Gli autori del Nuovo Teatro collocano l'assurdità della vita umana al centro delle loro opere. I personaggi appaiono come esseri angosciati, senza scopo nell'esistenza: provano, invano, a sperare ancora, cercando, a tentoni, una via d'uscita in un universo nel quale non hanno il loro posto. Animati da comportamenti meccanici e ripetitivi, essi vengono poco a poco intrappolati in un ambiente in decomposizione. In un mondo estremamente estenuante, essi continuano a vivere per abitudine, aspettando una morte onnipresente che li getterà in un nulla definitivo.

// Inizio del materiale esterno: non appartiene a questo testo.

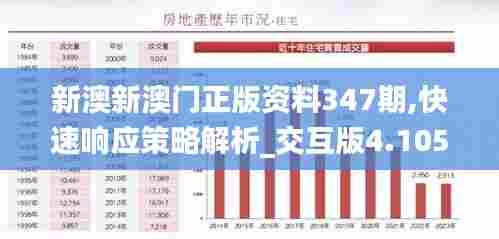 新澳新澳门正版资料347期,快速响应策略解析_交互版4.105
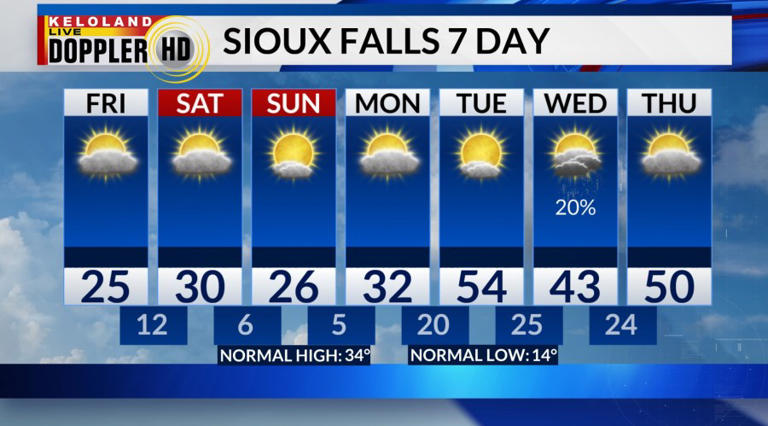 Chilly weekend forecast ahead; mild weather returns next week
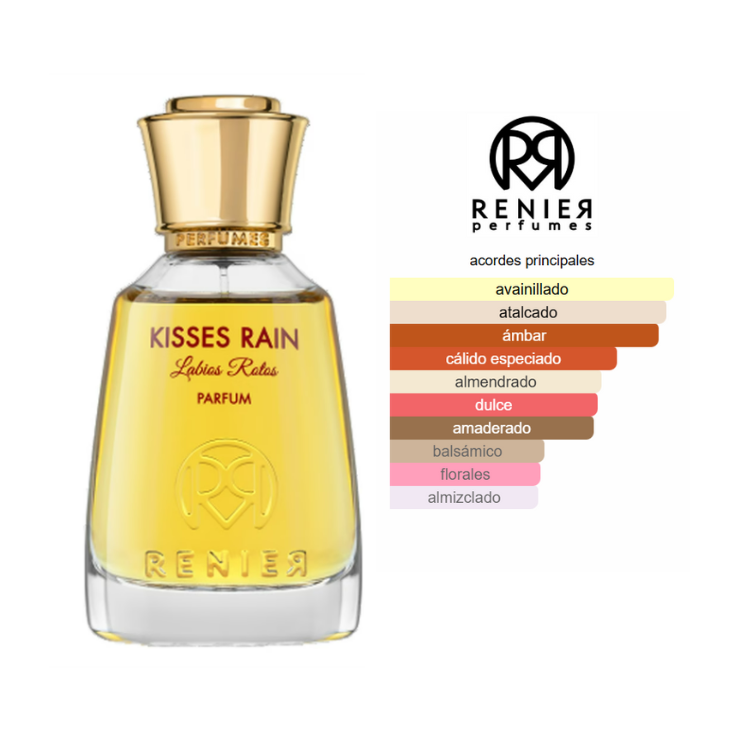 RENIER PERFUMES Kisses Rain Labios Rotos Parfum 50ml Unisex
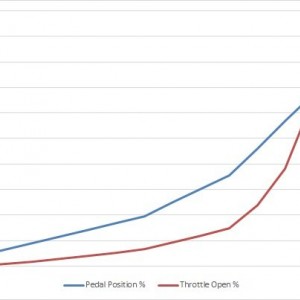 PedalvsThrottle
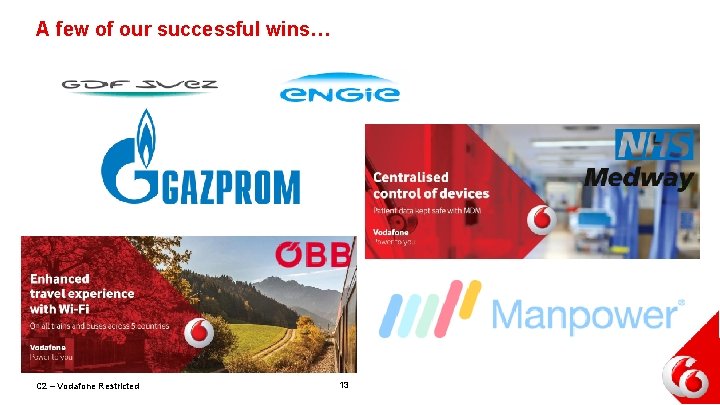 A few of our successful wins… IT’S YOUR TIME TO SHIN Tamás Szakadáti DB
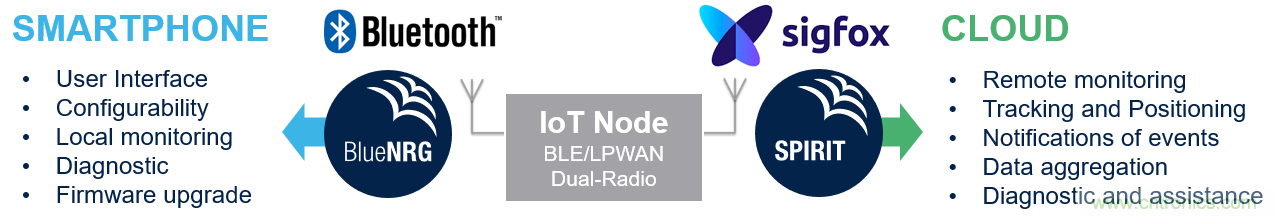 如何在物聯(lián)網(wǎng)應(yīng)用中實(shí)現(xiàn)雙無(wú)線電連接？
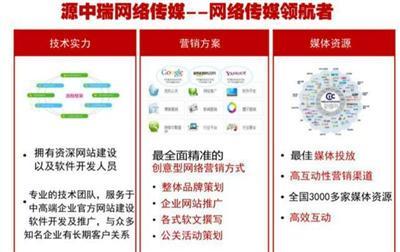 网红景点计时拍照，网友建议全国推广的深度探讨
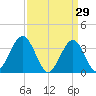 Atlantic City tide chart for Sunday, March 29, 2026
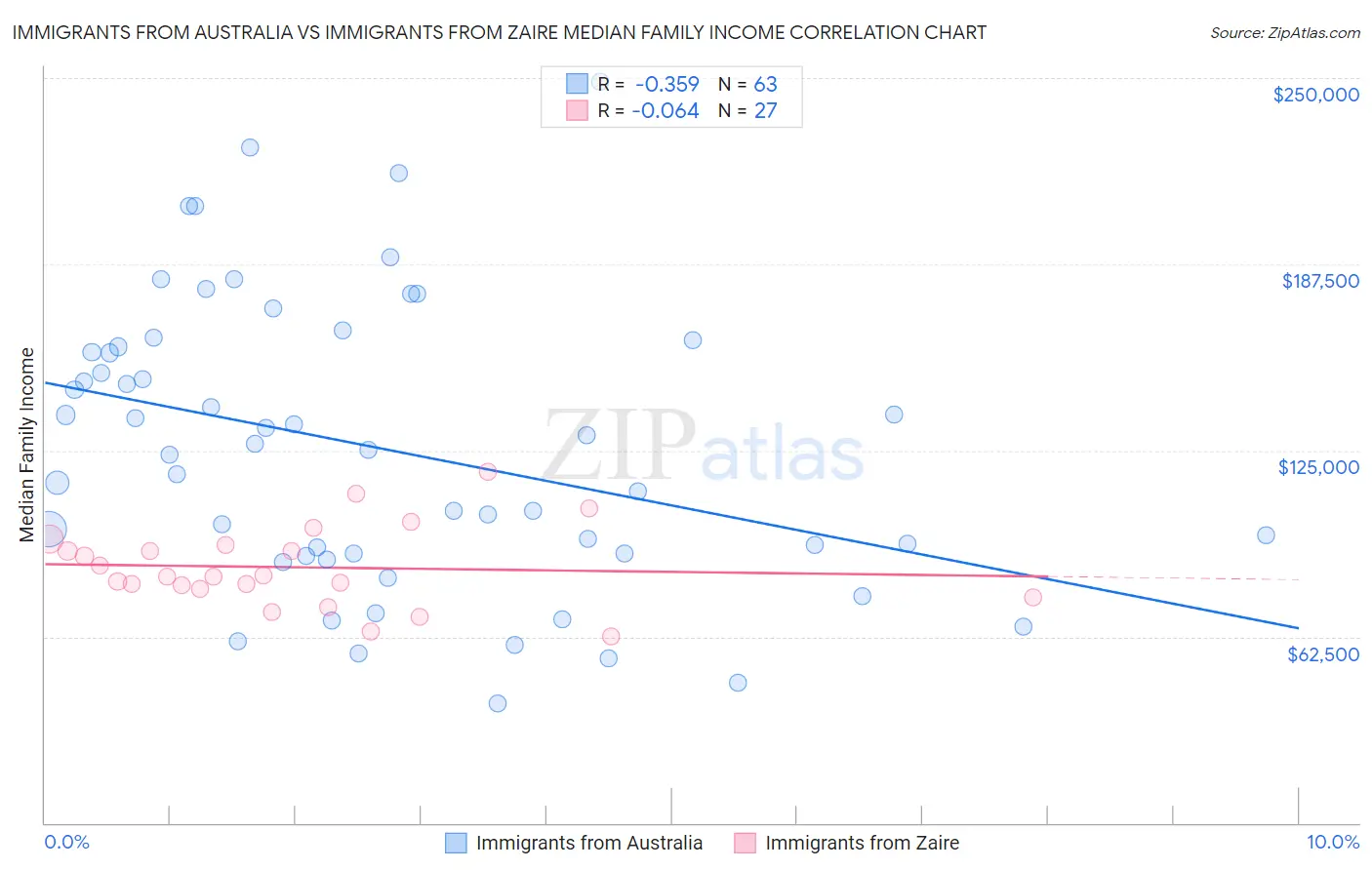 Immigrants from Australia vs Immigrants from Zaire Median Family Income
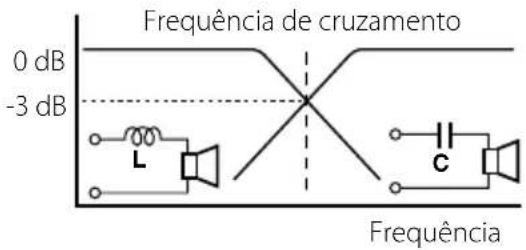Frequência de cruzamento 0 dB -3 dB L C Frequência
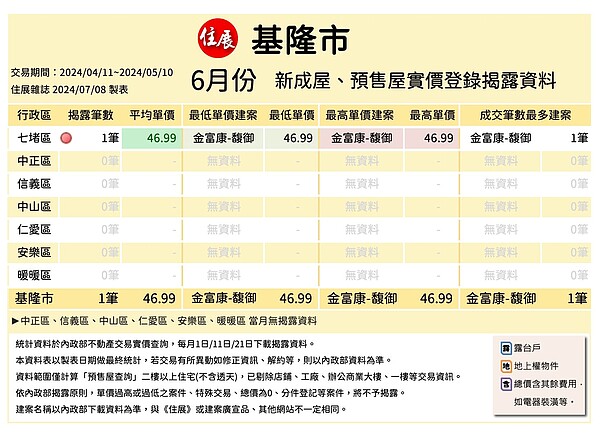 根據住展雜誌彙整的6月基隆市新成屋、預售屋實價登錄揭露資料，統計交易區間為4月11日至5月10日，資料查詢日為7月8日，僅1筆建案成交。圖／取自住展雜誌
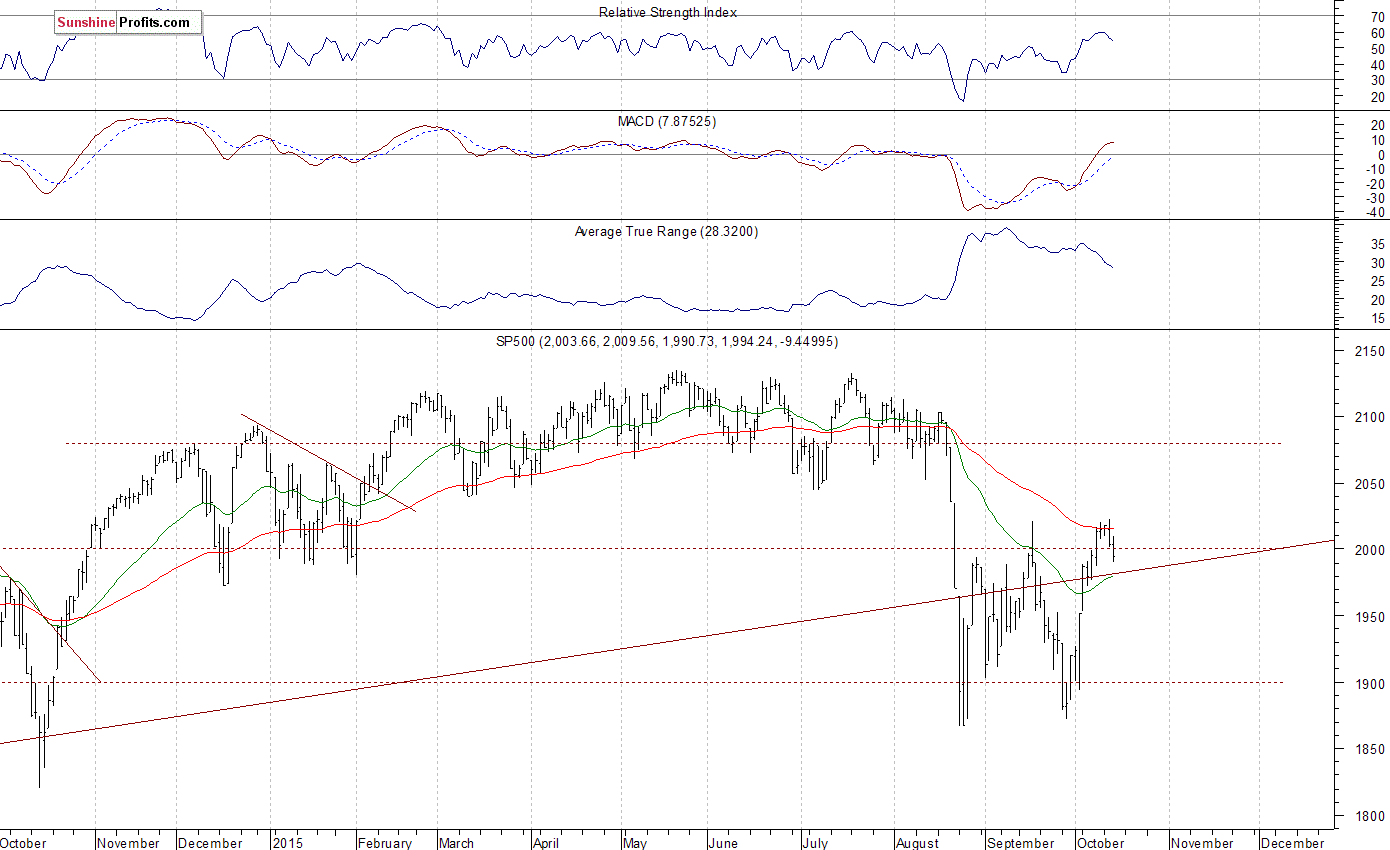 Daily S&P 500 index chart - SPX, Large Cap Index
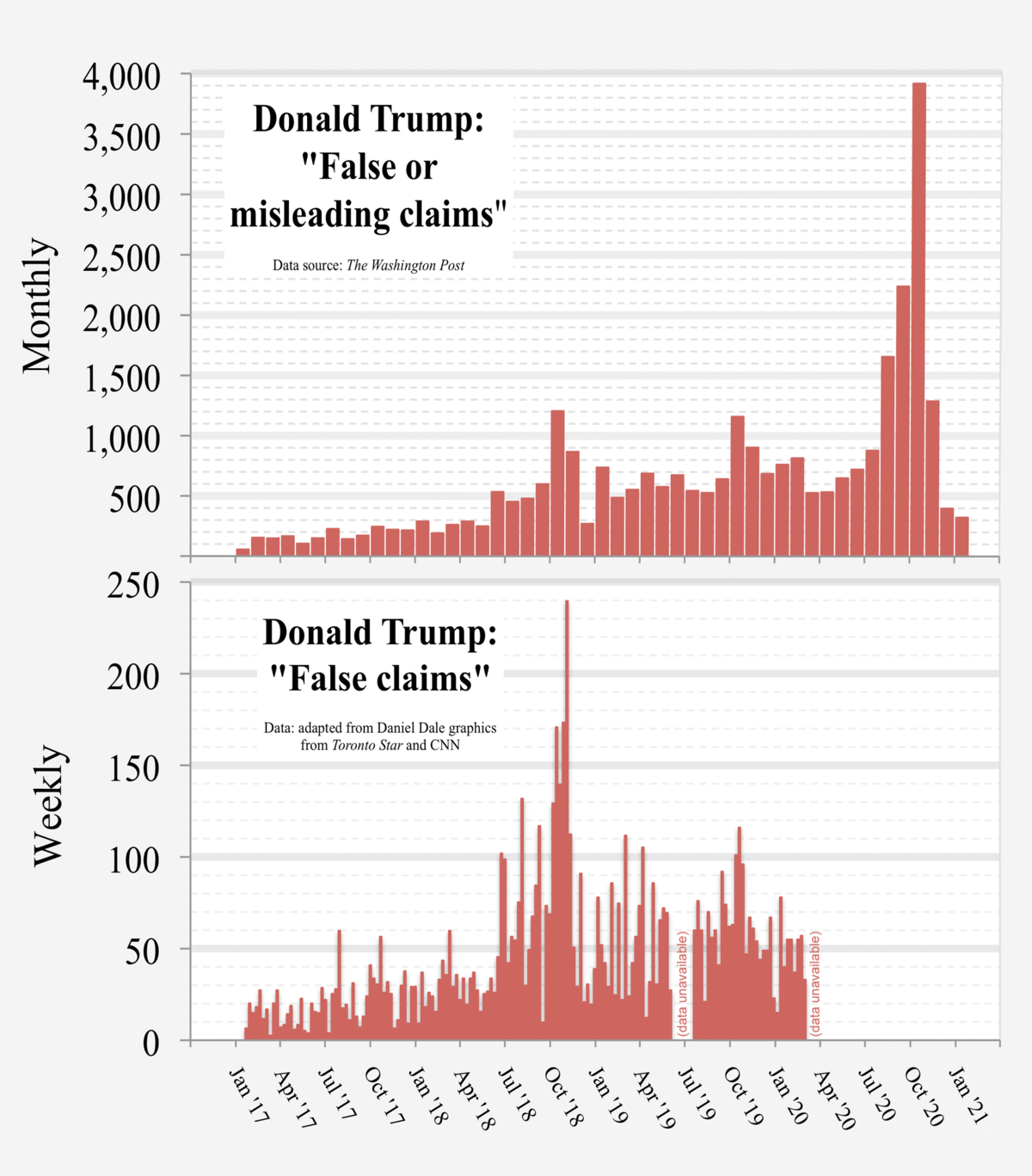 False or misleading statements by Donald Trump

L'assurdità e l'incoerenza della vita umana hanno un'espressione drammaturgica privilegiata nel linguaggio che sostituisce l'azione. La nuova forma teatrale è, anzitutto, un teatro-testo, che mette in evidenza l'incapacità dell'uomo a comunicare, a capirsi e a capire l'altro. L'usura dell'esistenza e del pensiero si manifesta nell'usura del linguaggio e nell'incomunicabilità. E gli autori teatrali moltiplicano i procedimenti per renderne conto. Banalità delle parole, luoghi comuni, frasi destrutturate, povertà o, al contrario, tecnicità maniacale del vocabolario, ricorso ad onomatopee, battute brevi e sconnesse o lunghi monologhi verbali: tutto concorre a mostrare come il linguaggio, invece di essere strumento di comunicazione, è un ostacolo che non permette l'instaurazione di scambi veri tra gli esseri umani.